* **The task**
From the entries below, list each line with "Blonde".

(Short text fragments from websites)
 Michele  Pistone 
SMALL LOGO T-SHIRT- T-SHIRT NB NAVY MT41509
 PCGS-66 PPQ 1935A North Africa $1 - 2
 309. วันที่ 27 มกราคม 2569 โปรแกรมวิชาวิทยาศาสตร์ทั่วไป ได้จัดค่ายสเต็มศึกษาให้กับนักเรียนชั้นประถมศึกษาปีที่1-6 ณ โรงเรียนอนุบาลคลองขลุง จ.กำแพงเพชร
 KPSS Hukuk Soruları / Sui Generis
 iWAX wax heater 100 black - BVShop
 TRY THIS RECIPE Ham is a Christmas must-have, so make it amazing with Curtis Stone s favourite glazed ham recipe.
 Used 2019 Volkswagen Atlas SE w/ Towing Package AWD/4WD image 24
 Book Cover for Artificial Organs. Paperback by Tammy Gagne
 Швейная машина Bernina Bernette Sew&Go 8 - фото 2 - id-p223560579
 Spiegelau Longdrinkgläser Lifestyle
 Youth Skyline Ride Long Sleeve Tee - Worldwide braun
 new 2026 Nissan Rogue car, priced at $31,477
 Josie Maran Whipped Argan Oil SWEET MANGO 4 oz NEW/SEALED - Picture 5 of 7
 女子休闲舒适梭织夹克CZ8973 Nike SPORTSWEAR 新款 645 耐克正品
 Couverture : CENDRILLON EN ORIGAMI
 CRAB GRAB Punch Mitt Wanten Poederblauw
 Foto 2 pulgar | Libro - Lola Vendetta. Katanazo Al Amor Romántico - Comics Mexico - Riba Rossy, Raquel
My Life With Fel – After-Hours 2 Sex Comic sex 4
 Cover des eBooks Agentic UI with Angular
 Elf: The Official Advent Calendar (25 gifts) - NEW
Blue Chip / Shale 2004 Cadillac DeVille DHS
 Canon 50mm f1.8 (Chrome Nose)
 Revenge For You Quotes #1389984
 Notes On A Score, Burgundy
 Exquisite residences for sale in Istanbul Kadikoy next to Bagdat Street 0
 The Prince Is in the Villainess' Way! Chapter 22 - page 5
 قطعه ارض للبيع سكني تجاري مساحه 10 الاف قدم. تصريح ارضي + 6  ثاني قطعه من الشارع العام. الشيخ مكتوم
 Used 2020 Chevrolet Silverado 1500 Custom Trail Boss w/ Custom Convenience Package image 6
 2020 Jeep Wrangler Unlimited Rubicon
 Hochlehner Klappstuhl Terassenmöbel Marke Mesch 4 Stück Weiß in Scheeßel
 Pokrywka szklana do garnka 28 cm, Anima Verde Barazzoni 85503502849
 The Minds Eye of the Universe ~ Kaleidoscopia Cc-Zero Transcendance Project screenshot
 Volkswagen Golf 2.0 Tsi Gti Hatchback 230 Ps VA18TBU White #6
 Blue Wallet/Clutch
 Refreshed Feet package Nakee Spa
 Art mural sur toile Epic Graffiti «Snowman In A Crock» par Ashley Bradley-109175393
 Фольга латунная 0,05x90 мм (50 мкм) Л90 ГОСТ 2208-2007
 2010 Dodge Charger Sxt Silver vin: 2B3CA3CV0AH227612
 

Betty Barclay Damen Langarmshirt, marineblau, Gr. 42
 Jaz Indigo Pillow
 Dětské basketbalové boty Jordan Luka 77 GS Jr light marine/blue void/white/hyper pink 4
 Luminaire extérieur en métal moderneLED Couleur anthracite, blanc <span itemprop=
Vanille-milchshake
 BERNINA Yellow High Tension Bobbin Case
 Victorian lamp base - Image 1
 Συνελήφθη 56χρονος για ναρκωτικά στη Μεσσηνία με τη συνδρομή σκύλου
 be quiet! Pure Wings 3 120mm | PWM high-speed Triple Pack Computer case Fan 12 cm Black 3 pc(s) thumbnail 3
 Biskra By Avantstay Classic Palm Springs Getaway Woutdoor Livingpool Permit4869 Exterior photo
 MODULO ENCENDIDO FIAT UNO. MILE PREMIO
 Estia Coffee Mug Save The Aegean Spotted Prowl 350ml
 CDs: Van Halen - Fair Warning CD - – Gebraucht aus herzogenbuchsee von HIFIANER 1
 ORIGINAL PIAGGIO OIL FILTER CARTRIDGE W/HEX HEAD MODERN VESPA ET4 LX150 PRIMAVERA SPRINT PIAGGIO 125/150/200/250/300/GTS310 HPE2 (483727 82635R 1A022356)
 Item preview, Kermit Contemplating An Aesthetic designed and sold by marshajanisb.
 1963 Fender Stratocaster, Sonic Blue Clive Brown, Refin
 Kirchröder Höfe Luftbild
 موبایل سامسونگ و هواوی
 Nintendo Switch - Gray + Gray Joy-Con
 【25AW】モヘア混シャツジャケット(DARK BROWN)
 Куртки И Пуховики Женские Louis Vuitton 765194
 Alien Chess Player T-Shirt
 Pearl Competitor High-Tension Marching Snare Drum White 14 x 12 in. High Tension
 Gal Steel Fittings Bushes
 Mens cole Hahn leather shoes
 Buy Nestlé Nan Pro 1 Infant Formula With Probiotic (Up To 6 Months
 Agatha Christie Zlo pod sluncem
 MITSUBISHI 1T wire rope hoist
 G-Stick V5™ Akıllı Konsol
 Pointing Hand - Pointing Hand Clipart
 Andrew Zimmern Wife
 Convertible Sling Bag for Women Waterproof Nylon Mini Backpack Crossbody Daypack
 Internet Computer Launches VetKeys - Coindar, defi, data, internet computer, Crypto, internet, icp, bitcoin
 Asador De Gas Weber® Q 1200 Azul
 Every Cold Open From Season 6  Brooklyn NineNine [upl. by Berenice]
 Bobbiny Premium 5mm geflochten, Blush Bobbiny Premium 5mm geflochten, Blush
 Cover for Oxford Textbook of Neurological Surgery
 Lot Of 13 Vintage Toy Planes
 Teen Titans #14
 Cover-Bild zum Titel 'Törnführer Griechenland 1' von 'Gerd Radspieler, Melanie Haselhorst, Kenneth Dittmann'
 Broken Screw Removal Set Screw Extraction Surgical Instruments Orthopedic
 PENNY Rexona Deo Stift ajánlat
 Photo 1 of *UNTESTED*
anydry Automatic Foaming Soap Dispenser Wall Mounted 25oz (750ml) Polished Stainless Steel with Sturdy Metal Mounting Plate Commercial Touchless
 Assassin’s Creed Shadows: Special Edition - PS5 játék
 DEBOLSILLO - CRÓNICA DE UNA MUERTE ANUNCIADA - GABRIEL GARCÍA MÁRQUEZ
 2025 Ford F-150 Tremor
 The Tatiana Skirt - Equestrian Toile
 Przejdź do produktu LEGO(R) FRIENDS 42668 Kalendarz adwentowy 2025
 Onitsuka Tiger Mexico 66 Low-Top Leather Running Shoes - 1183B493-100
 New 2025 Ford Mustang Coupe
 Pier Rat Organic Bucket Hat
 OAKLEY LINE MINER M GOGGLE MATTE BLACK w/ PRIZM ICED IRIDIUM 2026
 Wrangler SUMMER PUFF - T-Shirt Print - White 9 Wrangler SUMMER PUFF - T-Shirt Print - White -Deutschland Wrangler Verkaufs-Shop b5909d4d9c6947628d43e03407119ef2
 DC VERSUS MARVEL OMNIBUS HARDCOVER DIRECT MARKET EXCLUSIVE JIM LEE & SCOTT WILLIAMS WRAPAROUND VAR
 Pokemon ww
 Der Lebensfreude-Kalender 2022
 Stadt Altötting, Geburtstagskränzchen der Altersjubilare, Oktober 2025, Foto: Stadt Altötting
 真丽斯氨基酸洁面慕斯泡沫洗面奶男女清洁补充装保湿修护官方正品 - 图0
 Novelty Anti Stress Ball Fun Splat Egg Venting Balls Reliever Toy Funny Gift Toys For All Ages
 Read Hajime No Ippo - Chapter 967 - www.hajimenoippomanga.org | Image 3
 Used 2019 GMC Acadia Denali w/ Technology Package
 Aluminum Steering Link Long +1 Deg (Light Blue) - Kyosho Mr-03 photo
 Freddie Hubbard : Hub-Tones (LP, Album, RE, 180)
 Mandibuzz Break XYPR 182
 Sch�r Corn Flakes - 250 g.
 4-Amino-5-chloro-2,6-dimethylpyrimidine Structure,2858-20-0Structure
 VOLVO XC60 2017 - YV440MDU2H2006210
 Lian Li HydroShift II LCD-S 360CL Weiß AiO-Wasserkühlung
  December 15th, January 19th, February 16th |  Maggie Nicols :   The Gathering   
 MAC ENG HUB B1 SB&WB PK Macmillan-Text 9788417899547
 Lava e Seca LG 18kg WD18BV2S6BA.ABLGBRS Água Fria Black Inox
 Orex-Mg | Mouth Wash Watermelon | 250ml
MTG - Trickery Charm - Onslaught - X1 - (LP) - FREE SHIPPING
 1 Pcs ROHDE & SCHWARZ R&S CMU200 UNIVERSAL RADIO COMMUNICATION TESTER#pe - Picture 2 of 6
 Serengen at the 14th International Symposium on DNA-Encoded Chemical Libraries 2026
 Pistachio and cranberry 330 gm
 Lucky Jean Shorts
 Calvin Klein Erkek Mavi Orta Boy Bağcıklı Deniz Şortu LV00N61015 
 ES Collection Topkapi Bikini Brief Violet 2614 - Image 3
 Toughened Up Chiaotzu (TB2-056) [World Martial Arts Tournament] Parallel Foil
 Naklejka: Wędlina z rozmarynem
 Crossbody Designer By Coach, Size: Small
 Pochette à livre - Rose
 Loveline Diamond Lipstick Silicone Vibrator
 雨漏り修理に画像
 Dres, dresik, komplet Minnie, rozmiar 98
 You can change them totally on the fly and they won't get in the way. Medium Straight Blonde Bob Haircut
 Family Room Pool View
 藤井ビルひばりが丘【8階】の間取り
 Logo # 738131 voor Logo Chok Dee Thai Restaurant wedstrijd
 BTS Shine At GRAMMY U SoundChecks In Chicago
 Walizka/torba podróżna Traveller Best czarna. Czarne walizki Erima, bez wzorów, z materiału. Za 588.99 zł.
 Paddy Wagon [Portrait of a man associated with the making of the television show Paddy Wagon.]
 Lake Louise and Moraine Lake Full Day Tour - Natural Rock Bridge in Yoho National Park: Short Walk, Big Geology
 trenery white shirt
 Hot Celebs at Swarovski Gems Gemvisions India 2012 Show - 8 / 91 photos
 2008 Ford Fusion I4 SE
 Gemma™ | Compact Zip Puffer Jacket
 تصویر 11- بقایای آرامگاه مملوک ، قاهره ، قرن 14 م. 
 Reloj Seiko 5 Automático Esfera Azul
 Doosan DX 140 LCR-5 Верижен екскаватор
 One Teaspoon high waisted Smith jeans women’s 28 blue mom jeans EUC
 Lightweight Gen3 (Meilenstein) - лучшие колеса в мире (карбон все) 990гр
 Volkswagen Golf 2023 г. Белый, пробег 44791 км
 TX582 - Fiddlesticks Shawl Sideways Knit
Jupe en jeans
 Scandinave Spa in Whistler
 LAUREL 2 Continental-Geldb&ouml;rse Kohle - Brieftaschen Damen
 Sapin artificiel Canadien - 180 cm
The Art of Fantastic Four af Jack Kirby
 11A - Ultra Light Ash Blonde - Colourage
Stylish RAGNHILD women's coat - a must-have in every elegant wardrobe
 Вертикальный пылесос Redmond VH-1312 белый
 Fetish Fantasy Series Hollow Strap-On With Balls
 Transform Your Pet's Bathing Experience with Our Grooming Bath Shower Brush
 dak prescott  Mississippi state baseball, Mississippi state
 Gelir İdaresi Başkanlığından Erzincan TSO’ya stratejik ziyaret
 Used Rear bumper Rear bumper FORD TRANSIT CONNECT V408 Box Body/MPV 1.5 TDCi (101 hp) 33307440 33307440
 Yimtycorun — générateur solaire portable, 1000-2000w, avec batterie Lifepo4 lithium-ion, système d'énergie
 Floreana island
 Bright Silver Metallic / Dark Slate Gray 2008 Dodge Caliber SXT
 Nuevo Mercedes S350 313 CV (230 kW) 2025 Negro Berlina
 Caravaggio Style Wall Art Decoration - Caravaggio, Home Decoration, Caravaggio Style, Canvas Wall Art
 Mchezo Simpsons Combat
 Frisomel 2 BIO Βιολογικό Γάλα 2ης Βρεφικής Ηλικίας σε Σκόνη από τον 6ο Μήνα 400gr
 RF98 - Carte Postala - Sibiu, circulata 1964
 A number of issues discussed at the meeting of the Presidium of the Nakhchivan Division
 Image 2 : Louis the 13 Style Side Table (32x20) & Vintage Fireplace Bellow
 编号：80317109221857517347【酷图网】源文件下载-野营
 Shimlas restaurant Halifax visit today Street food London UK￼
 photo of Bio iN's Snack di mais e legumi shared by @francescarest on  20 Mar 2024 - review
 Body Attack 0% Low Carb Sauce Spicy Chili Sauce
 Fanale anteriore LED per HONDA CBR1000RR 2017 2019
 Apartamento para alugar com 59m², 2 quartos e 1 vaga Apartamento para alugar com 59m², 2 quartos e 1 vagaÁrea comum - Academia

* **Result below**
 You can change them totally on the fly and they won't get in the way. Medium Straight Blonde Bob Haircut
 11A - Ultra Light Ash Blonde - Colourage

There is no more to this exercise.